Establishing an 'Overhead Irrigation System' to Cool Flying-Foxes During Heatwaves - Equipment & Modular Design

Establishing an 'Overhead Irrigation System' to Cool Flying-Foxes During Heatwaves

Increasing numbers of heatwaves are predicted for the future due to the onset of climate change. As several of Australia's flying-fox species are vulnerable or endangered, it is imperative to consider long-term strategies to conserve these animals in the face of more frequent Heat Stress Events. 

This increase has placed a huge burden on the local rehabilitation wildlife groups who are left to manage the potential huge mortality and morbidity of flying-foxes affected by extreme heat in each colony. Therefore it is extremely important to develop effective means of remotely monitoring and managing flying-fox colonies during extreme weather so that unacceptable death rates of vulnerable flying-foxes do not occur (Dr Kerryn Parry-Jones, 'Remote Management of Heat Stress Events', 2020).

Approval from the Land Manager (ie. local Council, State Parks, or  Property Owner) is essential before sprinkler trials can be set up in a flying-fox colony.
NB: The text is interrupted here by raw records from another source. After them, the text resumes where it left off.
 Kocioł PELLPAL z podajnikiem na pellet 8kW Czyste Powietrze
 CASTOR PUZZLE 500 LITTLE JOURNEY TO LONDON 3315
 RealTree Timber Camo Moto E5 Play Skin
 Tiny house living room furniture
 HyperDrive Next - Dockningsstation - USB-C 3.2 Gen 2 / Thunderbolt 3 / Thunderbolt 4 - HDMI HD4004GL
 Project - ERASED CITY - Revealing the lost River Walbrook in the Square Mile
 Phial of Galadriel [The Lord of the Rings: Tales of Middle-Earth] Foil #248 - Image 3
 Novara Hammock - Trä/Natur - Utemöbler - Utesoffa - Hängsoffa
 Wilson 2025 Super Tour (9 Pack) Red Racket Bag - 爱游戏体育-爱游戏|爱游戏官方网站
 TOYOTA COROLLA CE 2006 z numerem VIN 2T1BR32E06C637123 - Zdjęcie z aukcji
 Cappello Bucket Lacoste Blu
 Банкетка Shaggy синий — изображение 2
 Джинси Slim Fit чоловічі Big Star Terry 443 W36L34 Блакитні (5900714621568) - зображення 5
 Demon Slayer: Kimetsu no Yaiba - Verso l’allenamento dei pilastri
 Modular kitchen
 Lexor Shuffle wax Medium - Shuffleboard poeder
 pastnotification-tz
Once approval has been obtained and a heatwave management plan is in order, an arborist can put the sprinklers up within the canopy and above the canopy, so that the spray comes down like light rain.

If enough trees within a colony are equipped with sprinklers then it should be possible to alter the temperature of the site over the period of time that is the most dangerous for the colony. At Singleton colony, the sprinklers were managed remotely via a phone app. According to Dr Kerryn Parry-Jones, 'smart sensors' could be programmed to not only monitor the site but respond automatically by turning on the sprinklers when specific conditions are reached.

At Yarra Bend Park Flying-fox colony, Melbourne, Lawrence Pope reported that half the sprayers are 3 metres high and spray a diameter of 7 metres and are battery powered. The other half are petrol pump powered and rise above the canopy at 6 metres. All the sprinklers rotate slowly so that the roosting flying-foxes get a light cool spray every couple of minutes.

On days that the Bureau of Meteorology (BOM) predicts that a heatwave is likely in Melbourne, the sprinklers powered by the fuel generators are run from 10 am in the morning, so that the bats get the advantage of the cooling water, and are fully hydrated, enabling them to withstand the heatwave conditions. In fact, since the installation of the sprinkler/misting system, no further mass flying-fox deaths, due to heat stress, have occurred in the areas where the sprinklers operate (Lawrence Pope, President Friends of Bats & Bushcare Inc., February 2020)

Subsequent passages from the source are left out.